3 Eylül 2016 Cumartesi

Prototip

Şu sanki her zaman bir şeyler eksikmiş, sanki bir şeyler tam olmamış hissi var ya... işte o öldürdü beni. Sanki her ne konu ya da yapılan her ne olursa olsun sürekli eksik bir şeylerin var olduğu düşüncesi eksik olmuyordu kafamdan sadece. Ya olan şeylerde eksiklik vardı ya da olanlar bana yetmeyecek şekilde tasarlanmıştı bu dünyada. Belki de ben doyumsuzdum, ama doyuracak bir malzeme yoktu ki bu sofrada. Ben su ve ekmeğe razı gelsem, sofrada örtüden başka bir şeyin belirdiğini göremiyordum. Yanlış yerdeyim diye düşünmeden edemiyordum. Yanlış yer... Hesaplarıma uymuyordu dünya düzeni. Ya yanlış yerdeydim ya da hiç var olmamam gerekiyordu. Tanrı'nın dünyaya gönderdiği bir prototiptim belki de... başarısız bir prototip.

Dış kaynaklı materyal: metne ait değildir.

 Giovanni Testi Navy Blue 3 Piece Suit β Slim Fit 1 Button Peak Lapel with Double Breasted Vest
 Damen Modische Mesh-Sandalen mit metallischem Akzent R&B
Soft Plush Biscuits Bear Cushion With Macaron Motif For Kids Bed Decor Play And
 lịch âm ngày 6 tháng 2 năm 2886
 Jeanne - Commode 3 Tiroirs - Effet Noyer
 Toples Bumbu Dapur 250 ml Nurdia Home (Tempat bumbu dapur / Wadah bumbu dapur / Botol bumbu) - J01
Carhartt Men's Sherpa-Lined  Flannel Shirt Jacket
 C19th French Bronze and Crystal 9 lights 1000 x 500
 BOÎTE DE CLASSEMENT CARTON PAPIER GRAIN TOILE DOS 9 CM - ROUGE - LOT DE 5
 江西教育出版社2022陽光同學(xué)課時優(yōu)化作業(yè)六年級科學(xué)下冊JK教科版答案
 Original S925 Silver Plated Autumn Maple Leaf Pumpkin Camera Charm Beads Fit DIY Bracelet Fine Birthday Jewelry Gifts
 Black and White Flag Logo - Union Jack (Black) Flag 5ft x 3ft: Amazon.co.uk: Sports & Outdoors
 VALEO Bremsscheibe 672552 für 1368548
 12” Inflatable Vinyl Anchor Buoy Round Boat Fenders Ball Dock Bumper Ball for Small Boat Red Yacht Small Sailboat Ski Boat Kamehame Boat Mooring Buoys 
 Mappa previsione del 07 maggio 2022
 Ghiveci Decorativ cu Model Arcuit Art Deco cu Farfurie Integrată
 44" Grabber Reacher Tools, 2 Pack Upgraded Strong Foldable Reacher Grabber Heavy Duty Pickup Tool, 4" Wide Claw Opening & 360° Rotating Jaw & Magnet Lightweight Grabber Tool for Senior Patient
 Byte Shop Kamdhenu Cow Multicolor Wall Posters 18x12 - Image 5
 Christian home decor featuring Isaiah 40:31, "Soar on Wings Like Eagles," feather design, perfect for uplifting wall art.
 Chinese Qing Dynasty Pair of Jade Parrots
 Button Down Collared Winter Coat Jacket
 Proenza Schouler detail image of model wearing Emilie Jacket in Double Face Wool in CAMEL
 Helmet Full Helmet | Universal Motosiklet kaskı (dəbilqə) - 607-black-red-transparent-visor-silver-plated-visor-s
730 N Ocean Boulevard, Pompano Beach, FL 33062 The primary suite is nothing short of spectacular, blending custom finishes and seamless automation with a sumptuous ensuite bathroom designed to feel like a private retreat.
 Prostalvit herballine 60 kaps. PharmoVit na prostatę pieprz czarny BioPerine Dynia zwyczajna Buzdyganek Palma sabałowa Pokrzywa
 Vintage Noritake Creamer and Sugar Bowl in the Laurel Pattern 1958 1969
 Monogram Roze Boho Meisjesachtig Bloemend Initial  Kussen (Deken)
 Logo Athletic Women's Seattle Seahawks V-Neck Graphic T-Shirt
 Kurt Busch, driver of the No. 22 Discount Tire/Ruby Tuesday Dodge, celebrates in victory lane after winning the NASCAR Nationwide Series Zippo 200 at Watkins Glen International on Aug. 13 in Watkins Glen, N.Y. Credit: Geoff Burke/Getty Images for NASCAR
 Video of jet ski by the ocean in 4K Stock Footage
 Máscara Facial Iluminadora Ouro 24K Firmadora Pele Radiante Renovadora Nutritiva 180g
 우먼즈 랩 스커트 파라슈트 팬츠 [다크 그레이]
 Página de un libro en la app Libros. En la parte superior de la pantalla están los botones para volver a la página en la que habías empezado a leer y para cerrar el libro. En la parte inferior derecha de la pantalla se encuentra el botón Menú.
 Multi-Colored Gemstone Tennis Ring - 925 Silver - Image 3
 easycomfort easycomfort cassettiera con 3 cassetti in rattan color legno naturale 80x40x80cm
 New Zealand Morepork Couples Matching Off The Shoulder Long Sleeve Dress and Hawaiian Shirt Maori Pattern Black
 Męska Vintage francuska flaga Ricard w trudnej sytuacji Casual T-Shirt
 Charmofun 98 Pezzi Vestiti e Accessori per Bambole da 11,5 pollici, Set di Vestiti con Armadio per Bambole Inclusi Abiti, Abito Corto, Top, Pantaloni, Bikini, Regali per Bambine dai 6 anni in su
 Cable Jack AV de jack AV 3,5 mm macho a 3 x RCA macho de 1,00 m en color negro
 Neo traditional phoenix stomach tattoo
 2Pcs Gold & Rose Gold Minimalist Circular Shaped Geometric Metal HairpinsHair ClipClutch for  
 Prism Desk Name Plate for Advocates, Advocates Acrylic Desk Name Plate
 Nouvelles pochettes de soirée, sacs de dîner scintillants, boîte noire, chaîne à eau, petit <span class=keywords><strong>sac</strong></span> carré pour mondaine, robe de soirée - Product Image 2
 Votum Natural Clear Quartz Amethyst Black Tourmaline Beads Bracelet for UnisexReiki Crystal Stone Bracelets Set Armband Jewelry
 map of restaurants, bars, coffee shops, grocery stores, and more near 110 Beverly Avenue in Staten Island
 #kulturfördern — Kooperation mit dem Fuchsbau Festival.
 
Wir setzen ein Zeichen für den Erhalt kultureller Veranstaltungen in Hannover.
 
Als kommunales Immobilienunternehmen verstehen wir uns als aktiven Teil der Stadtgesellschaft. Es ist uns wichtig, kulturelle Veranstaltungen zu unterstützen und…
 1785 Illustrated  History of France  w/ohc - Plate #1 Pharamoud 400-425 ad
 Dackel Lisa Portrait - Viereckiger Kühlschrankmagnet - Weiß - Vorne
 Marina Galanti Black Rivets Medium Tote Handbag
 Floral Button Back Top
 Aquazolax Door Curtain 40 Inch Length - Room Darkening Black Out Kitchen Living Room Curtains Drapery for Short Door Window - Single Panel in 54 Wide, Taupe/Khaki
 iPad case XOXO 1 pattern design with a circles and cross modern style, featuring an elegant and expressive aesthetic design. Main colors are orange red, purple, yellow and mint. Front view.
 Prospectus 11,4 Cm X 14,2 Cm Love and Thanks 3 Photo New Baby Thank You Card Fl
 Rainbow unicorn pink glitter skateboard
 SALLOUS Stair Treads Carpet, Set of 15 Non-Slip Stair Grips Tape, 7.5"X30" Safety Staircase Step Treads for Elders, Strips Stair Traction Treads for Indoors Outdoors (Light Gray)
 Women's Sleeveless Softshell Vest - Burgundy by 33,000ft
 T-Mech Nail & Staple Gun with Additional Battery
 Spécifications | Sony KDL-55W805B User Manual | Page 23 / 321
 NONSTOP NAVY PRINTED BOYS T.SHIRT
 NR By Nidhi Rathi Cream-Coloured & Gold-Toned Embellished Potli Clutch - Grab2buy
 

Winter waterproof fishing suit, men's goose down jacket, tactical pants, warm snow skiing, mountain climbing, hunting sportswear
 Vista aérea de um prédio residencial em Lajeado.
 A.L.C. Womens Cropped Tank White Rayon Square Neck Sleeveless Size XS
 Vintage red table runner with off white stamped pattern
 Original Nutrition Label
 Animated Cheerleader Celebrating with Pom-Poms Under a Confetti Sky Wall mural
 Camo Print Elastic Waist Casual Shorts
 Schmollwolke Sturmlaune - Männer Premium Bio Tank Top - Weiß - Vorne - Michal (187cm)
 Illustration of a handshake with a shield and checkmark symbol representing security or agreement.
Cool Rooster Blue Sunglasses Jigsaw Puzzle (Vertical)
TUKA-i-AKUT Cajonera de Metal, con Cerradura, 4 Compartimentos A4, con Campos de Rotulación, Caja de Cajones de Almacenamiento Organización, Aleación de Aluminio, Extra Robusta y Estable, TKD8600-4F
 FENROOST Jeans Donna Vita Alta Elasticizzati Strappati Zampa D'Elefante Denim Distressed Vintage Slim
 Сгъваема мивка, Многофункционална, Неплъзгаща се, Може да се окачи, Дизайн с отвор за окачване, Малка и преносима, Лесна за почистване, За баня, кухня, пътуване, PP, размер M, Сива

Yaşam sınavını atlatamayan, hatta bu sınavdan nefret eden bir prototip. İnsanların düşünceleriydi sanırım bu sınavın en kazık soruları. Sınav kağıdında görmek istemeyeceğiniz cinsten sorular. Aşağılayıcı, iğneleyici, seviyesiz sorular; cevapları içlerinde saklı. Kim ne düşünüyorsa onu yapmak istiyordur demişimdir her zaman. Bir insan düşündüğü şeyin toplumda kötü algılanacağını hissettiği zaman, bu –toplum suçunu– karşısındakine sunmaya çalışır. Böylece kendi iç dünyalarını rahatlatmaya çalışıyordu insanoğlu sanırım. Ama bana çekici gelmiyor bunların hiçbiri. Niyadımı doldurup gitmek istiyorum sadece –zamanımın geleceği başka bir diyara doğru.